We've decided to include k<300 (for the same n-range, 100K-260K) in this doublecheck sieving, since it's currently doublechecked up to n=100K, just like the 300<k<1001 range. Chris (Flatlander) and I started the sieving for k<300 and caught it up to the 300<k<1001 sieve, and I've now combined the two sieve files into one. Please make sure you download the new sieve file before starting on any new (i.e. past 130G) reservations.

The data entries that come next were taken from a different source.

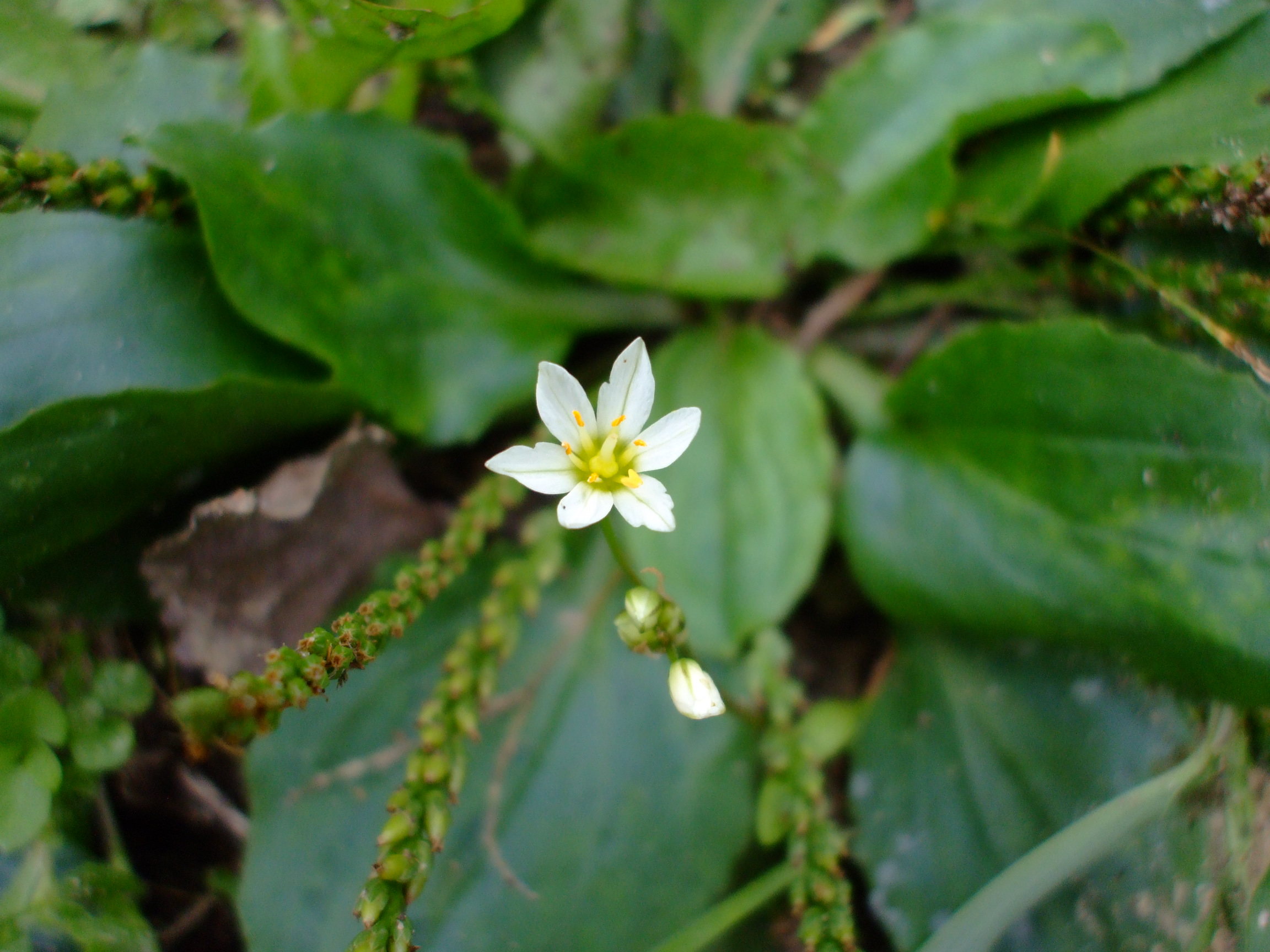 Nothoscordum bivalve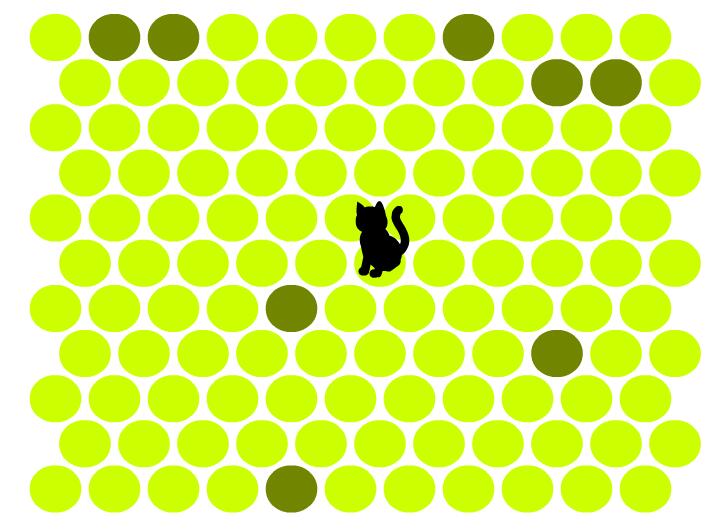 困住黑猫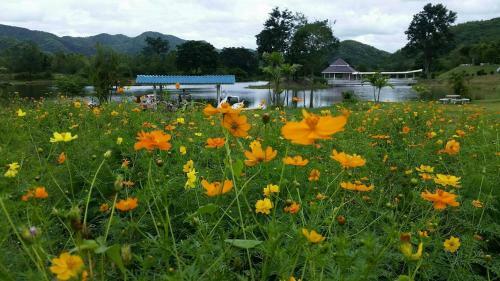Hotel Tanaosri & Creekside Resort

The new sieve file contains a total of 500 k's, and thus a given range will take a little longer (probably about 25% longer, I'm guessing--though that's not much more than a guess; please feel free to post information on what speeds you're getting with the new sieve file). As we had agreed before for 300<k<1001, we'll be taking the whole thing up to 1T (though when we reach 200G Gary will do another analysis, to confirm that estimate). (For the uninitiated, 1T=1000G. )

Have fun!

Anon
In theory, since the rate of sieving varies by the square root of the # of k's, it should sieve sqrt (500/351)-1 = ~19.4% slower. But it will find more factors / P-range.

With the efficiency of more k's, sieve depth should increase slightly. After I said it, 1T seemed a little high but it might be real close with 500 vs. 351 k's. It's very unusual to sieve to 1T for a non-top 5000 range but then again, it's very unusual to sieve 500 k's at once too!